Section 19(a) of RESPA authorizes the Secretary to interpret RESPA to achieve the purposes of the Act. Section 19(c) of RESPA authorizes HUD to investigate possible violations of RESPA. During the course of its RESPA investigations, HUD applies the facts revealed by the investigation to the statute and regulations in determining whether a violation exists.
After receiving complaints of possible RESPA violations, in 1993 HUD initiated an investigation of practices by some title insurance companies and some t title insurance agents in the State of Florida. On September 21, 1995, HUD sent a letter and document entitled "Findings of HUD's Investigation of Florida Title Insurance Companies and Statement of Enforcement Standards" to certain title insurance companies in Florida. In November, 1995, the Department met with Florida title insurance companies and received input from them on the enforcement standards.
This Statement provides additional guidance to the 1995 standards and, to the extent there are any inconsistencies, supersedes those standards. In issuing this Statement, HUD is not dictating particular practices for title insurance companies and their agents but is setting forth the Department's enforcement position for qualification in Florida for exemptions from Section 8 violations. Generally, it is beneficial for title insurance companies and their agents to qualify under the Section 8(c)(1)(B) exemption since HUD does not normally scrutinize the payments as long as they are "for services actually performed in the issuance of a policy of title insurance". (HUD will, however, continue to examine payments to agents that are merely for the referral of business such as gifts or trips based on the volume of business referred). If the practices of a title insurance company or its agent do not qualify under the Section 8(c)(1)(B) exemption, the company and the agent may still qualify under 8(c)(2). Under an 8(c)(2) standard, HUD will examine the amount of the payments to or retentions by the title insurance agent to see if they are reasonably related to services actually performed by the agent.
For purposes of this statement, these terms shall mean as follows:
1."Title Insurance Agent" means a person who has entered into an agreement with a title insurance company to act as an agent in connection with the issuance of title insurance policies, and includes title agents, title agencies, attorneys, and law firms.
2."Core title services" are those basis services that a title insurance agent must actually perform for the payments from or retention of the title insurance premium to qualify for RESPA's Section 8(c)(1)(B) exemption for "payments by a title company to its duly appointed agent for services actually performed in the issuance of a policy of title insurance".
In performing "core title services" the title insurance agent must be liable to his/her title insurance company for any negligence in performing the services.
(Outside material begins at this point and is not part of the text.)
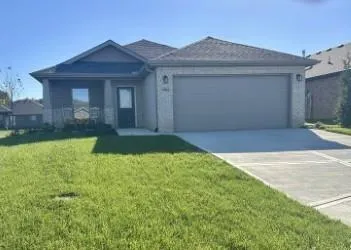 $405,000 | 26561 West 84th Street, Lenexa, KS 66227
In considering liability, HUD will examine the following type of indicia: the agency contract, whether the agent has errors and omissions insurance or malpractice insurance, whether a contract provision regarding and agent's liability for a loss is ever enforced, whether an agent is financially viable to pay a claim and other factors the Secretary may consider relevant.
"Core title services" mean the following in Florida.
a. The examination and evaluation, based on relevant law and title insurance underwriting principles and guidelines, of the title evidence (as defined below) to determine the insurability of the title being examined, and what items to include and/or exclude in any title commitment and policy to be issued.
b. The preparation and issuance of the title commitment, or other document, which discloses the status of the title as it is proposed to be insured, identifies the conditions that must be met before the policy will be issued, and obligates the insurer to issue a policy of title insurance if such conditions are met.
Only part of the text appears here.